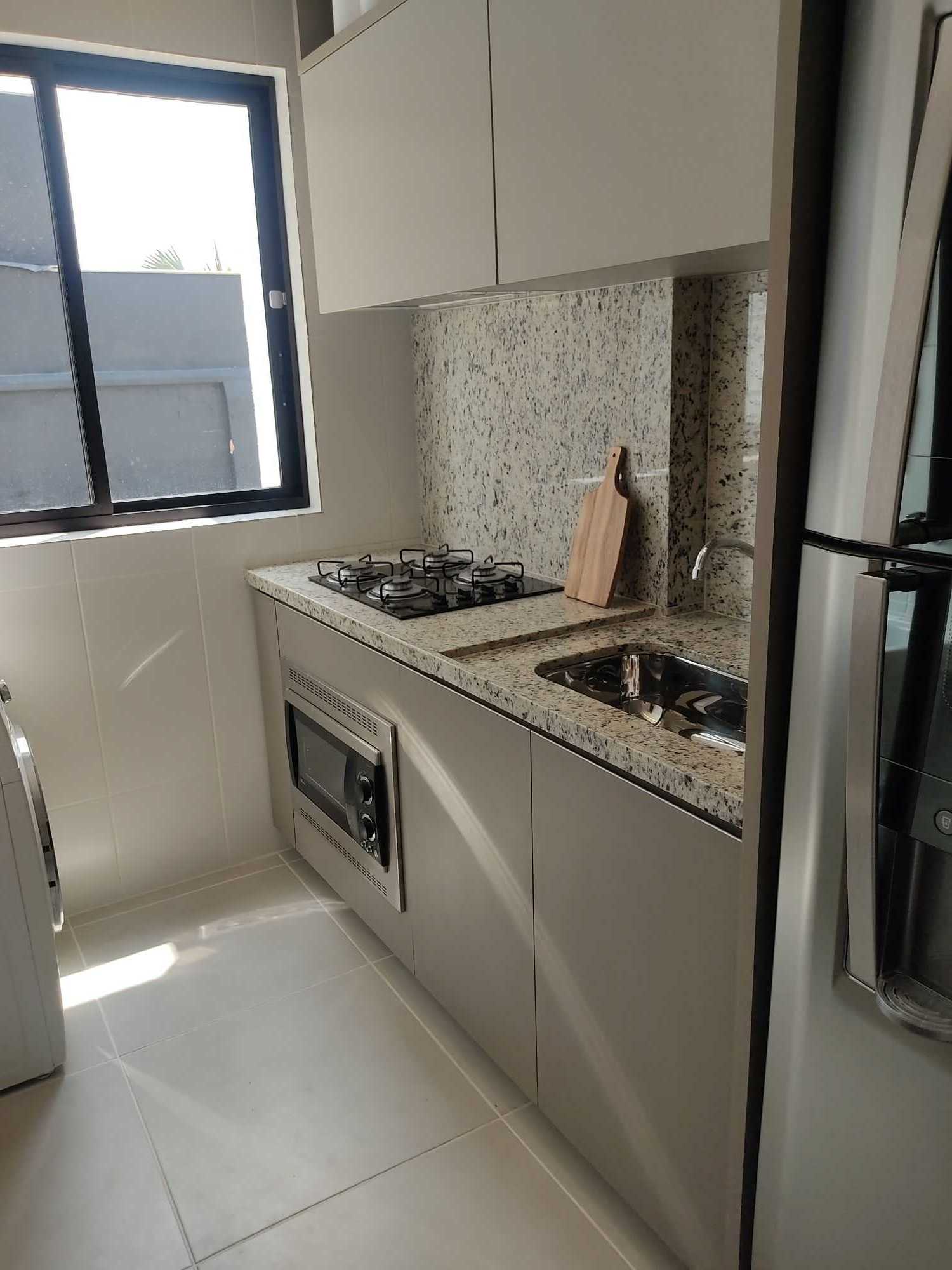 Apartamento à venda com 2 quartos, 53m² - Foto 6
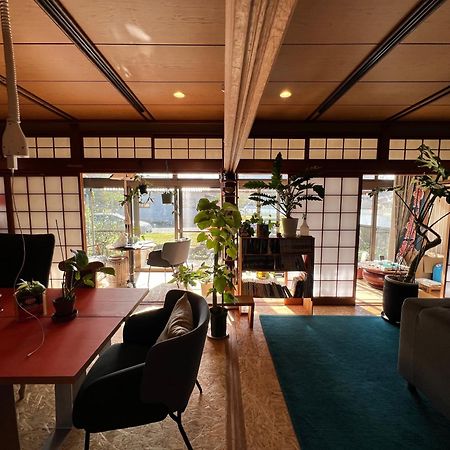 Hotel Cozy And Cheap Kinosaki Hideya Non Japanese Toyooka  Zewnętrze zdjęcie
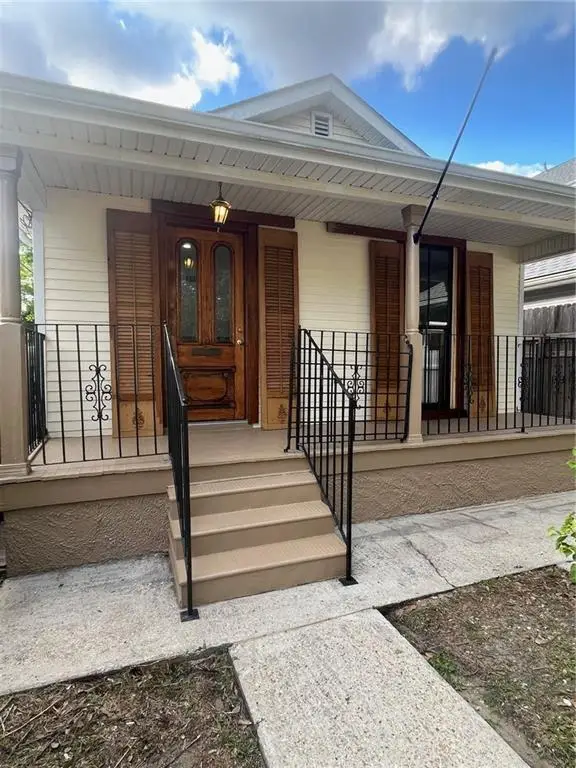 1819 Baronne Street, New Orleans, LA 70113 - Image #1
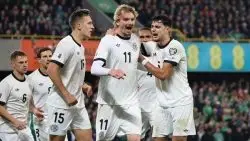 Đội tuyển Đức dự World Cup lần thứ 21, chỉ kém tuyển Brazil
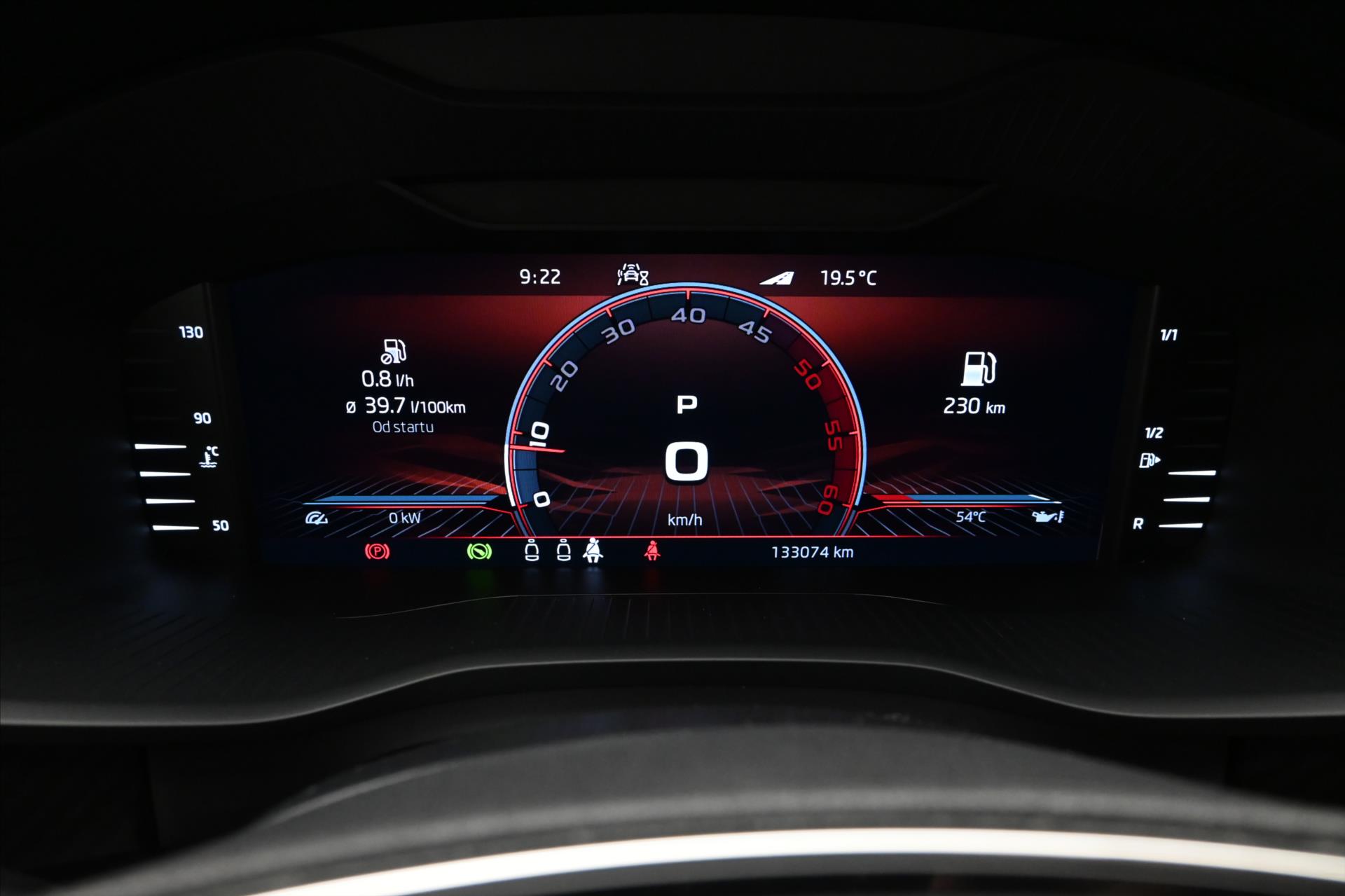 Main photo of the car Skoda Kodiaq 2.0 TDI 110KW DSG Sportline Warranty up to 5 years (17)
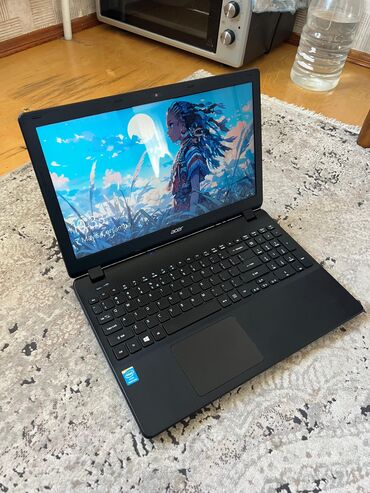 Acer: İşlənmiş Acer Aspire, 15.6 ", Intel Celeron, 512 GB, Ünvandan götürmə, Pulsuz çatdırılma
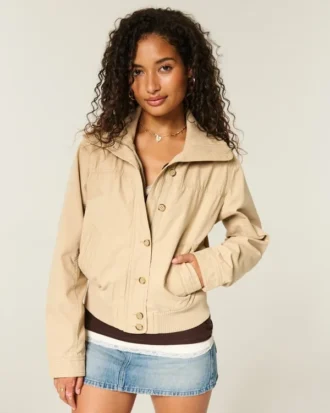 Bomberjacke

********

● Problem to work on: Beginning with the line containing "1819 Baronne Street, New" and ending with the last line of the material, output each line exactly; do not include pictures.

● Answer section:
 1819 Baronne Street, New Orleans, LA 70113 - Image #1
 Đội tuyển Đức dự World Cup lần thứ 21, chỉ kém tuyển Brazil
 Main photo of the car Skoda Kodiaq 2.0 TDI 110KW DSG Sportline Warranty up to 5 years (17)
 Acer: İşlənmiş Acer Aspire, 15.6 ", Intel Celeron, 512 GB, Ünvandan götürmə, Pulsuz çatdırılma
 Bomberjacke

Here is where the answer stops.